UFFICIO NAZIONALE PER L'EDUCAZIONE, LA SCUOLA E L'UNIVERSITÀ
DELLA CONFERENZA EPISCOPALE ITALIANA

«Relazioni, diritto da ripristinare»

Il neuropsichiatra infantile Vicari: «La scuola deve tornare ad essere per tutti»
1 Giugno 2020

«L’Italia è un Paese per vecchi. E per ricchi. Di sicuro non è un Paese per bambini, tanto meno svantaggiati»: lo dice con passione, parecchia, Stefano Vìcari, responsabile dell’Unità operativa complessa di neuropsichiatria infantile, dell’Ospedale pediatrico Bambino Gesù, a Roma. La prima domanda la fa lui: «Le sembra ragionevole che le persone di settanta e ottanta anni, o i miei genitori che di anni ne hanno 92, nella fascia più a rischio se si ammalano di Covid–19, possano circolare liberamente e i bambini e gli adolescenti non possano frequentare la scuola? E le pare legittimo far ripartire il campionato di calcio e non far tornare gli studenti in aula? È ragionevole che la metà delle aziende, lo dice l’Istat, non abbia mai chiuso e però ci si racconti che sono i genitori che accompagnano i figli a scuola il veicolo del contagio?».

Il governo, quindi, ha trascurato gli studenti?

Di più, ha negato un diritto garantito dalla Costituzione. La scuola deve essere per tutti. Al contrario, oltre un milione e mezzo di bambini, sono sempre dati ufficiali, non ha avuto gli strumenti per beneficiare della didattica a distanza. E, comunque, la didattica a distanza è un errore pedagogico, un abbaglio pensare che la scuola sia solo trasmissione accademica. Anche perché, se così fosse, la nostra avrebbe fallito da tempo, visto il livello culturale dei nostri ragazzi. Sono decenni che la scuola italiana viene demolita con sistematicità. Ne sono un esempio plastico gli edifici che la ospitano, con la loro fatiscienza. Se è vero, come dimostrano molti studi neuroscientifici, che il bello aiuta a crescere, i nostri studenti sono davvero messi male.

Be’, possiamo dire che la bellezza è nel materiale umano che ospitano.

Innegabilmente. Ed è bene che quel materiale umano torni a incontrarsi.

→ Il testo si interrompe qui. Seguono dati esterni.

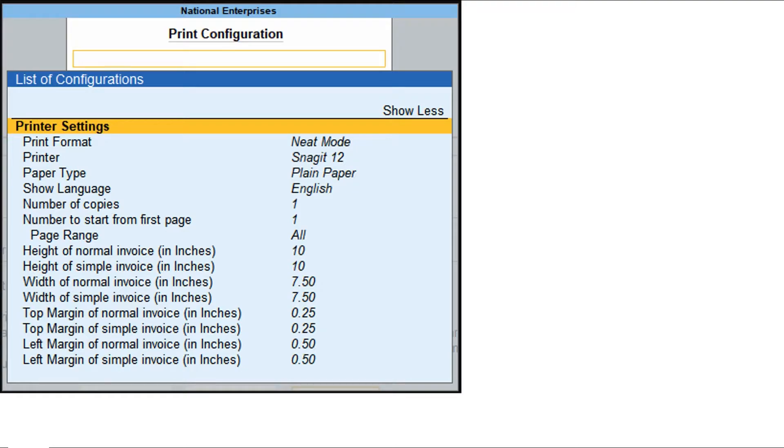In the sales voucher form, press Alt+B, then press Enter on Current, press C to Configure, then press Enter on Show More. Type or select Printer Settings and press Enter twice. By default, the standard height is set to 10 inches for an A4 paper. If your invoice requires only half the size, change the height to 5 inches.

La scuola per i bambini e ancor di più per gli adolescenti è relazione con i pari. Senza contare che più un adolescente sta in casa, più per lui sarà difficile tornare a uscire. Subentra la paura, il timore di doversi misurare con le aspettative del mondo. Sono come gli uccellini quando imparano a volare. Escono dal nido e poi tornano, allontanandosi per periodi sempre più lunghi, sapendo che c’è un posto sicuro che li aspetta. Ma se un ragazzo non esce mai, mai si mette alla prova e conquista autostima e indipendenza. Per questo la chiusura delle scuole è drammatica.

Però eravamo in emergenza...

Lo capisco, però è mancato il coraggio di affrontare il problema preferendo trasformare i genitori in uno strumento di formazione accademica per i propri figli. Non tutti hanno saputo o potuto farlo e in questo modo si è aggravato ulteriormente un gap che era già profondo. Che fine fa lo studio come strumento di riscatto e miglioramento? La scuola come opportunità per avere successo nella vita? Così facendo si sancisce che chi è più in basso nella scala sociale, lì resterà.

E poi, o prima, c’è il problema ancor più doloroso dei ragazzi disabili.

Dolorosissimo. Sono rimasti senza scuola e senza spazi di terapia, chiusi anche quelli. E anche quelli affidati all’iniziativa dei singoli. Ciascuno ha improvvisato per garantire trattamenti anche a distanza.

Aumenta il numero di genitori che chiede la bocciatura per i propri figli disabili.

Comprensibile. Non si tratta solo di recuperare dal punto di vista dello studio. Dopo questo anno di isolamento, per quei ragazzi tutto è più difficile. Sono andate perse molte conquiste, raggiunte con fatica e pazienza. Trovo incomprensibile che i rappresentanti delle associazioni di genitori con figli disabili non facciano parte della task force chiamata a stabilire le regole per la riapertura. Si tratta di un autogol del governo. Perché ammesso e non concesso che il loro contributo non sia risolutivo, coinvolgerli avrebbe dimostrato che il problema è al centro dei pensieri del governo. Evidentemente non lo è.